9.4 Defining and Differentiating Vector-Valued Functions

A vector-valued function pairs parametric functions into one vector, usually written $r(t)=\langle f(t),g(t)\rangle$. To differentiate it, take the derivative of each component separately, so $r'(t)=\langle f'(t),g'(t)\rangle$. For AP Calculus BC, component-wise differentiation connects position, velocity, acceleration, and speed.

Why This Matters for the AP Calculus Exam

Vector-valued functions are part of Unit 9, a BC-only unit that carries 11-12% of the AP Calculus BC exam. The big idea here is that the rules you already know for derivatives extend directly to vectors, so this is a familiar method in a vector format.

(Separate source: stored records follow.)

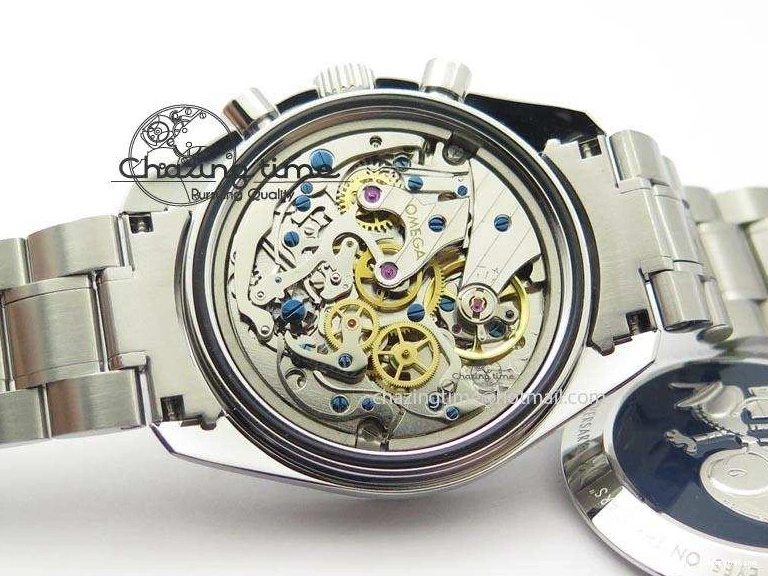 0516 Efficient Speedmaster JHF SS Snoopy Award 45th Anniversary White dial On SS Bracelet 8239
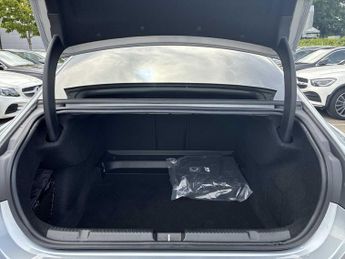MERCEDES-BENZ EQE Eqe 350+ 215Kw Amg Line Edition 96Kwh 4Dr Auto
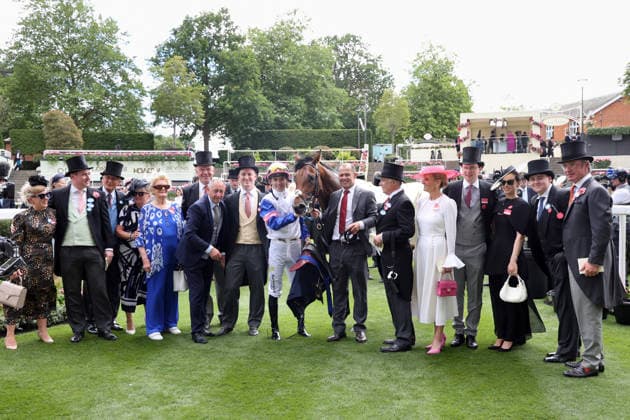 17.06.2026, Ascot, Windsor, GBR - Limestone with Dylan Browne McMonagle and connection after winning the Queen s Vase. Ascot racecourse. (Pferd, Jockey, Limestone, McMonagle, Sieg) 260617D549ROYAL_ASCOT.JPG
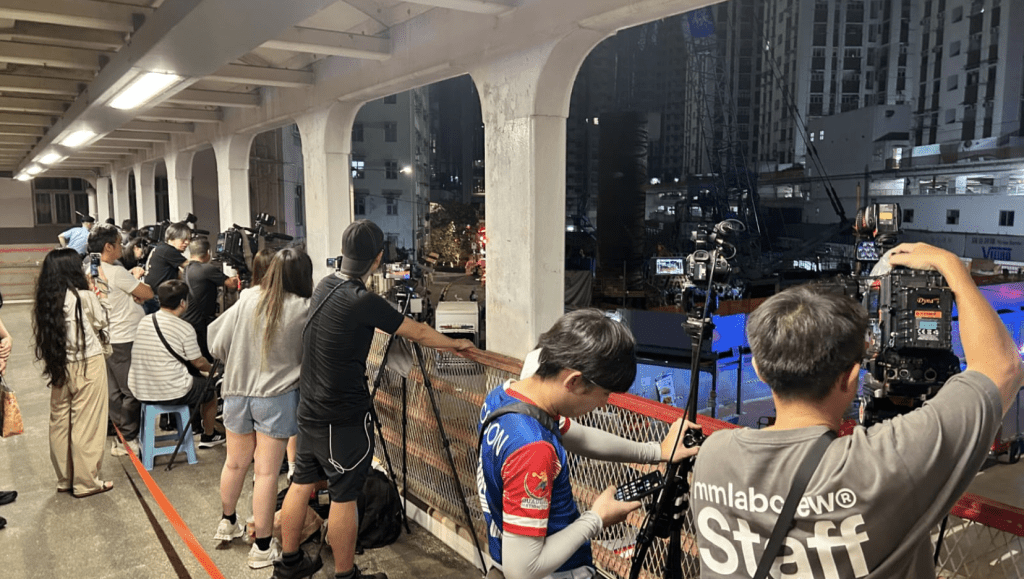 大批記者到場採訪。蔡楚輝攝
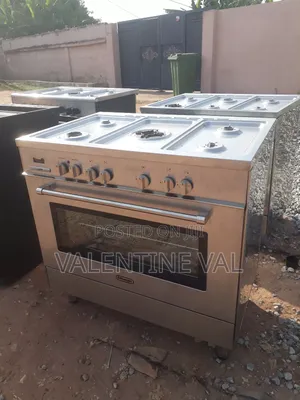 Deloughi 5 Burners Cooking Stove With Oven and Grill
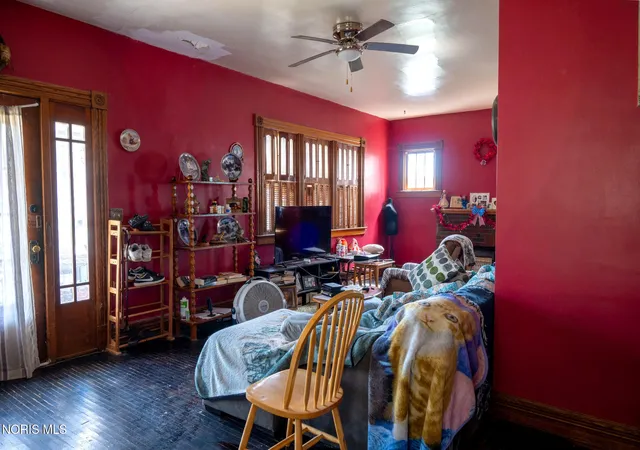 Photo 4 of Single family home for sale at 621 N Union St, Fostoria, OH 44830 | MLS# 10013351 | Listing updated on 2026-09-17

You differentiate each component using the power rule, chain rule, and trig derivatives just like before.

This skill sets up later topics in the unit: once you can find $r'(t)$, you can find velocity, then $r''(t)$ for acceleration, and the magnitude $|r'(t)|$ for speed. Expect to use this on both multiple-choice and free-response questions involving planar motion, where careful notation and correct chain rule work matter for clear exam answers.

Key Takeaways

• A vector has both direction and magnitude; magnitude is its length.
• Write a vector-valued function as $r(t)=\langle f(t), g(t)\rangle$, where each component is a function of $t$.
• Differentiate component by component: $r'(t)=\langle f'(t), g'(t)\rangle$.
• The same derivative rules apply, so watch for the chain rule inside trig and composite components.
• When $r(t)$ is position, $r'(t)$ is the velocity vector and $r''(t)$ is the acceleration vector.
• The magnitude of a vector $\langle a, b\rangle$ is $\sqrt{a^2+b^2}$, found with the Pythagorean theorem.

---

↖️ Vector Review

A vector is a quantity that has both direction and magnitude. Magnitude refers to the length of a vector. All vectors have horizontal and vertical components, and they are written based on those two components. For example, a vector with a horizontal component of 5 and a vertical component of 4 is written as $\langle 5, 4\rangle$. This bracket notation is the one used most often on the AP Calculus BC exam.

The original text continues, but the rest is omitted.